This project aims to power the analytics of song plays for a music streaming app, Sparkify.
Spark is used to Extract, load and transform the data located in s3 into tables forming a datalake.
Unlike DWHs, Spark-based Datalakes are not limited by relations and allow a wide range of analytics on the row data. Therefore, optimizing queries and analytics is not confined to traditinoal techniques in DWHs such as using starschemas. However, we adopt in this project a starschema-like database since it powers the analytics related to the songs played by the users in a good way. Since we are using a DataLake, the user is always able to query the data in its original form.
Considering the song dataset we can divide the fields into two groups. One group of fields concern the artist.

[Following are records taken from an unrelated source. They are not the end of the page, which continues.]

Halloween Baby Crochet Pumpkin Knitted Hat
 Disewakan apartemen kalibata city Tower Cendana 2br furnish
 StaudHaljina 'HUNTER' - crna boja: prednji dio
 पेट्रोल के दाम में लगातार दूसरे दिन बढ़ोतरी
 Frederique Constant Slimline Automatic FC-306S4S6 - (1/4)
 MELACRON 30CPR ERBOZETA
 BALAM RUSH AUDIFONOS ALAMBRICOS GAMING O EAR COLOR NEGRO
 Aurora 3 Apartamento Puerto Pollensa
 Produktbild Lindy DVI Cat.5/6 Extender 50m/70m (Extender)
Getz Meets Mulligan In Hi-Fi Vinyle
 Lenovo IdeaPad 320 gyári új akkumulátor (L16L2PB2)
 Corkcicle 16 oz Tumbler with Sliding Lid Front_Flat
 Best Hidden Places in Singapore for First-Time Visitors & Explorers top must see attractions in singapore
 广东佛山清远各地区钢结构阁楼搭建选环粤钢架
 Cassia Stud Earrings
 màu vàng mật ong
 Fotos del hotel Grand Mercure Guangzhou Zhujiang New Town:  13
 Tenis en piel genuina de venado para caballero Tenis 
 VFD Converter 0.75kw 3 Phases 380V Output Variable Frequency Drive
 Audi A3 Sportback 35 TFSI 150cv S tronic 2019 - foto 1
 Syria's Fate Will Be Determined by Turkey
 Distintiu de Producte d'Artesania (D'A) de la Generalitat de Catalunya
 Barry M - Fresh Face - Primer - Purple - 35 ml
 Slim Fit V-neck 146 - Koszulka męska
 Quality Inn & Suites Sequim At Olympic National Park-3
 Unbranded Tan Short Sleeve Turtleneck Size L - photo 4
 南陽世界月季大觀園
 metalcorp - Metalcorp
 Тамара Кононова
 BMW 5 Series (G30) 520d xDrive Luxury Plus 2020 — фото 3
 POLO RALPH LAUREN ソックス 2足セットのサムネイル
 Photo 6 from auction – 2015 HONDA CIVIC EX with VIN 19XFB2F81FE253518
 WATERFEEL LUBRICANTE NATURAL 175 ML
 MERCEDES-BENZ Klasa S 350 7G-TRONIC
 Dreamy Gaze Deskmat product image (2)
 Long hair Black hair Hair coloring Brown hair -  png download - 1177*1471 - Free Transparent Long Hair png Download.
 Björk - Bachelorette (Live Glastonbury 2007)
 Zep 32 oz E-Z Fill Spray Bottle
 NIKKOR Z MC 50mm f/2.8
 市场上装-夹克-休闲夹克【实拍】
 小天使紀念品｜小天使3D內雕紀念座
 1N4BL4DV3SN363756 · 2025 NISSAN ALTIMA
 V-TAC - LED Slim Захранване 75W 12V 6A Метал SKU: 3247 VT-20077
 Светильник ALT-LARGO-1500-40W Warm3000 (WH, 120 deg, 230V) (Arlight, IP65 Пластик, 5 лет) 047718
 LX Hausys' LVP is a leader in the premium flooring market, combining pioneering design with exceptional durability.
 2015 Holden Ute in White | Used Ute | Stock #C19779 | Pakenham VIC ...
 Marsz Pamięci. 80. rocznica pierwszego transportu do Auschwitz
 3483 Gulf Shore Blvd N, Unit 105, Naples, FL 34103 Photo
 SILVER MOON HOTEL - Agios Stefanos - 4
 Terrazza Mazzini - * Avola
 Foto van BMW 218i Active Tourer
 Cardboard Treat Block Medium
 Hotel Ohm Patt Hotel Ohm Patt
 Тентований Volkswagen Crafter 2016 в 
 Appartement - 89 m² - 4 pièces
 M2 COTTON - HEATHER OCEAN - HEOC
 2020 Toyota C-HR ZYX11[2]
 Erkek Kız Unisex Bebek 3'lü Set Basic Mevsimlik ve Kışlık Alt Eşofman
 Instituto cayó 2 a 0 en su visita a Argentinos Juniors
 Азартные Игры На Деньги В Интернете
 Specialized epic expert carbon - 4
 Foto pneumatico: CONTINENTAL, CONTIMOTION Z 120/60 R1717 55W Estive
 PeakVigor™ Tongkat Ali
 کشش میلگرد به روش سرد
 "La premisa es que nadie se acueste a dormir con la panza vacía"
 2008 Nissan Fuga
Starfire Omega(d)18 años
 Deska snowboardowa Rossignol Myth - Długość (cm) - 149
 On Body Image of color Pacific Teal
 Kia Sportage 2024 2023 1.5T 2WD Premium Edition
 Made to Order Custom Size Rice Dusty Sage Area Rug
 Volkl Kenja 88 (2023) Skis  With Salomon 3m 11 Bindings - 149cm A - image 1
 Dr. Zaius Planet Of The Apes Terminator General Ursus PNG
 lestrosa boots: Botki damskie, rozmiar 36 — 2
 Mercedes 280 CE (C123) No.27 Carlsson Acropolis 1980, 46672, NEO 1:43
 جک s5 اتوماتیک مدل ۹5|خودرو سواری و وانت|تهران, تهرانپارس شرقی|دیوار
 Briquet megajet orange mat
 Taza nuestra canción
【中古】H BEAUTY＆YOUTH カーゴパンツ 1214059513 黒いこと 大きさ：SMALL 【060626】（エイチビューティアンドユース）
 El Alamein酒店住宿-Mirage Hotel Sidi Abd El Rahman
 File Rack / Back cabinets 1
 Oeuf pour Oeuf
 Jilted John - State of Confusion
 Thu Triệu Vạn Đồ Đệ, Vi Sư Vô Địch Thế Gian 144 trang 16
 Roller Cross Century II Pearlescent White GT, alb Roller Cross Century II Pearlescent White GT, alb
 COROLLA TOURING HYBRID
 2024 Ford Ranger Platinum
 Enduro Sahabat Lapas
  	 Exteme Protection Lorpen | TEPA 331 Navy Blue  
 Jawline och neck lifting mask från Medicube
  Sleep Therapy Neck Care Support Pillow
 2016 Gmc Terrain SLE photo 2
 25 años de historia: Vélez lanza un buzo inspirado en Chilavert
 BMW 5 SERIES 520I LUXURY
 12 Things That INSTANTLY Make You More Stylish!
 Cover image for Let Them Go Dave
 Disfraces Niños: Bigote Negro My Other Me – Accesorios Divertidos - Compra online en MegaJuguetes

Namely, “artist_id”, “artist_location”, etc… The other group of fields concern the song. Namely, “song_id”, “duration”, etc…
Similarly, looking at the log data, we recognize other cateogries of info. Most importantly, in the timestamped logdata we can discern each song play (defined as a record with page = next). We also find data related to the session (session_id, itemsinSession, etc... ) and the users(e.g. userAgent, userId, etc...).
Each record for a songplay needs to be indexed with a new field called songplay_id which will serve as a primary key for our central fact table.
Based on our user requirements, session data will not be required. As for all other categories, this project includes the code to create the tables and the ETL pipelines powering storing them in a starschema.
- etl.py - A script defining the ETL process
- dl.cfg - A configuration file containing AWS credentials
- SSH to the master node of AWS EMR spark cluster
- use spark-submit to run the the script. e.g.
/usr/bin/spark-sbumit --master yarn ./etl.py